Order, Family Court, Bronx County (Alma Cordova, J.), entered on or about April 19, 2004, which adjudicated appellant a juvenile delinquent, after a determination that he committed acts which, if committed by an adult, would constitute the crimes of robbery in the second degree, grand larceny in the fourth degree, criminal possession of stolen property in the fifth degree, attempted assault in the third degree, and menacing in the third degree, and placed him in the custody of the New York State Office of Children and Family Services for a period of up to 18 months, unanimously reversed, on the law, without costs, and the petition dismissed.

Appellant was 14 years old at the time of the incident. The prosecutor’s theory as against appellant was solely one of accessorial liability for the affirmative acts of the other charged juvenile. However, the evidence against appellant, considered in the light most favorable to the presentment agency, was insufficient to justify an inference that he either intentionally aided the other juvenile in the commission of the acts or possessed the requisite mens rea to be held accountable for that other individual’s acts. The testimony of the complainant fails to establish that either the physical assault upon the complainant, or the taking of the complainant’s cellular telephone, occurred when appellant was present with the attacker or with his assistance. The testimony merely indicated that the other juvenile had grabbed the complainant around his neck from behind, and after the complainant broke free he saw appellant running towards him. Appellant never got closer than 15 feet to the complainant, and appellant ran away after the complainant yelled for the security guard at the nearby nursing home to call the police. That appellant ran toward complainant during or after the attack is insufficient to prove an intent to assist in the commission of any criminal act.

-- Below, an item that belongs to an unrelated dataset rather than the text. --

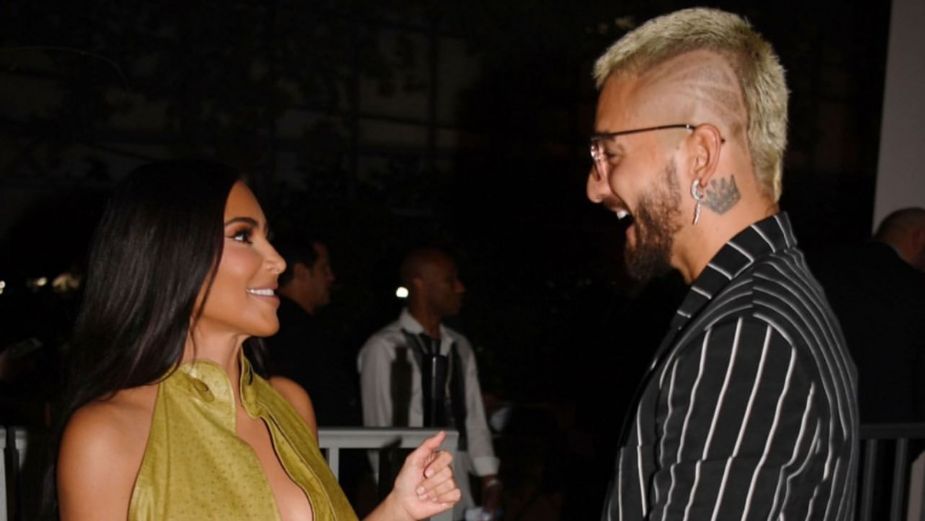 Kim Kardashian y Maluma son vistos en una fiesta en Miami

This evidence does not rise to the level of participation at which such accessorial liability has been upheld (cf. Matter of Jamal G., 293 AD2d 379 [2002]; Matter of Devin R., 254 AD2d *235221 [1998]). Indeed, this Court has reversed convictions in which the defendant took a greater part in the charged crimes than appellant did here (see e.g. People v Johnson, 193 AD2d 495 [1993]); People v Rivera, 176 AD2d 510 [1991], lv denied 79 NY2d 863 [1992]; People v Morales, 130 AD2d 366 [1987]; People v DeJesus, 123 AD2d 563 [1986], lv denied 69 NY2d 745 [1987]). Unlike the defendants in those cases, appellant in this case did not take any action or make any threats against the complainant, or even speak to him; he merely approached him.

Furthermore, in view of the absence of evidence that he took part in or intentionally aided the attacker by seeking to intimidate the complainant or block his escape, the testimony that appellant ran away when complainant yelled “call the cops” does not prove his guilt beyond a reasonable doubt because “flight is but another form of equivocal circumstantial evidence” (People v McLean, 107 AD2d 167, 169-170 [1985], affd 65 NY2d 758 [1985]).

In the absence of any evidence permitting the inference that appellant intentionally aided the other juvenile in the commission of the acts or possessed the requisite mens rea to be held accountable for those acts, we must dismiss the petition. Concur—Saxe, J.E, Sullivan, Nardelli and Williams, JJ.